= Records from a collection =
*** Begin section ***

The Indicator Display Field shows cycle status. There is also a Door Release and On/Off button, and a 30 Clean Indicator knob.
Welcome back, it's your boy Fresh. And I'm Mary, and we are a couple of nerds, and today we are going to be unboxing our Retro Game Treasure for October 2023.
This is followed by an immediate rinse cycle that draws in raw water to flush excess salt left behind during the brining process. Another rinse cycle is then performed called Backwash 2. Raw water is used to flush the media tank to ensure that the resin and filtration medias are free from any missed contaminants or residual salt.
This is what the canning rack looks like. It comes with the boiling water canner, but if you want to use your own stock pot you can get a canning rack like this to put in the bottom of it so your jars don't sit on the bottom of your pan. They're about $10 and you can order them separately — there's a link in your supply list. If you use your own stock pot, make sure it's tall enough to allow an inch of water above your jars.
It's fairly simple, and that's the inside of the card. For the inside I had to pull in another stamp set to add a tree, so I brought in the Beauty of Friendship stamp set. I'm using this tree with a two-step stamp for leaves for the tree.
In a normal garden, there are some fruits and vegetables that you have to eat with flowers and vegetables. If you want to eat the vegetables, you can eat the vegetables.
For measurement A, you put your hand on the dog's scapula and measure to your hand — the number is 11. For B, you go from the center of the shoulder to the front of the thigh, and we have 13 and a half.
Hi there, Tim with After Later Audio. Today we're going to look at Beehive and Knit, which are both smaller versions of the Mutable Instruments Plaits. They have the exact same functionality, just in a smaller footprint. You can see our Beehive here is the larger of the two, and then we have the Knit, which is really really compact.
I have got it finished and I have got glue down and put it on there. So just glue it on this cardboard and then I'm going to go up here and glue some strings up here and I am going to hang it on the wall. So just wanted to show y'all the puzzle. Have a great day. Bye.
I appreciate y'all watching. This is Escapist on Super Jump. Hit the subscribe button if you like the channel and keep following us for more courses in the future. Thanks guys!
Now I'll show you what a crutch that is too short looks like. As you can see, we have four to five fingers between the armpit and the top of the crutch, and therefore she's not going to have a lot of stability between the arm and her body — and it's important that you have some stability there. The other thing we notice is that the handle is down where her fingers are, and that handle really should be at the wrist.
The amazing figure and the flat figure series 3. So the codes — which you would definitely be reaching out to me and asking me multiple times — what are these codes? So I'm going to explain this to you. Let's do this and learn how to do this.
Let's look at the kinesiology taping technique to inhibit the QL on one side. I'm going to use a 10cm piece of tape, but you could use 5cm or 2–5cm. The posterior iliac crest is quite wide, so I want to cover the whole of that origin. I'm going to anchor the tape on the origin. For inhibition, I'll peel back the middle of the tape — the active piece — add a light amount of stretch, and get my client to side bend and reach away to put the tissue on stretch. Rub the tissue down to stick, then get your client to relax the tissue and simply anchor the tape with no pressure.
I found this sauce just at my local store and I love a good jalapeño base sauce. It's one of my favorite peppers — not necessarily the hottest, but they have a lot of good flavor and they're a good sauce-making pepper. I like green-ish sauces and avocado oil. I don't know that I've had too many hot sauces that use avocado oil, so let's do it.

*** End section ***

= What is required =
Print all the data exactly as shown above.

= Answer space =
The Indicator Display Field shows cycle status. There is also a Door Release and On/Off button, and a 30 Clean Indicator knob.
Welcome back, it's your boy Fresh. And I'm Mary, and we are a couple of nerds, and today we are going to be unboxing our Retro Game Treasure for October 2023.
This is followed by an immediate rinse cycle that draws in raw water to flush excess salt left behind during the brining process. Another rinse cycle is then performed called Backwash 2. Raw water is used to flush the media tank to ensure that the resin and filtration medias are free from any missed contaminants or residual salt.
This is what the canning rack looks like. It comes with the boiling water canner, but if you want to use your own stock pot you can get a canning rack like this to put in the bottom of it so your jars don't sit on the bottom of your pan. They're about $10 and you can order them separately — there's a link in your supply list. If you use your own stock pot, make sure it's tall enough to allow an inch of water above your jars.
It's fairly simple, and that's the inside of the card. For the inside I had to pull in another stamp set to add a tree, so I brought in the Beauty of Friendship stamp set. I'm using this tree with a two-step stamp for leaves for the tree.
In a normal garden, there are some fruits and vegetables that you have to eat with flowers and vegetables. If you want to eat the vegetables, you can eat the vegetables.
For measurement A, you put your hand on the dog's scapula and measure to your hand — the number is 11. For B, you go from the center of the shoulder to the front of the thigh, and we have 13 and a half.
Hi there, Tim with After Later Audio. Today we're going to look at Beehive and Knit, which are both smaller versions of the Mutable Instruments Plaits. They have the exact same functionality, just in a smaller footprint. You can see our Beehive here is the larger of the two, and then we have the Knit, which is really really compact.
I have got it finished and I have got glue down and put it on there. So just glue it on this cardboard and then I'm going to go up here and glue some strings up here and I am going to hang it on the wall. So just wanted to show y'all the puzzle. Have a great day. Bye.
I appreciate y'all watching. This is Escapist on Super Jump. Hit the subscribe button if you like the channel and keep following us for more courses in the future. Thanks guys!
Now I'll show you what a crutch that is too short looks like. As you can see, we have four to five fingers between the armpit and the top of the crutch, and therefore she's not going to have a lot of stability between the arm and her body — and it's important that you have some stability there. The other thing we notice is that the handle is down where her fingers are, and that handle really should be at the wrist.
The amazing figure and the flat figure series 3. So the codes — which you would definitely be reaching out to me and asking me multiple times — what are these codes? So I'm going to explain this to you. Let's do this and learn how to do this.
Let's look at the kinesiology taping technique to inhibit the QL on one side. I'm going to use a 10cm piece of tape, but you could use 5cm or 2–5cm. The posterior iliac crest is quite wide, so I want to cover the whole of that origin. I'm going to anchor the tape on the origin. For inhibition, I'll peel back the middle of the tape — the active piece — add a light amount of stretch, and get my client to side bend and reach away to put the tissue on stretch. Rub the tissue down to stick, then get your client to relax the tissue and simply anchor the tape with no pressure.
I found this sauce just at my local store and I love a good jalapeño base sauce. It's one of my favorite peppers — not necessarily the hottest, but they have a lot of good flavor and they're a good sauce-making pepper. I like green-ish sauces and avocado oil. I don't know that I've had too many hot sauces that use avocado oil, so let's do it.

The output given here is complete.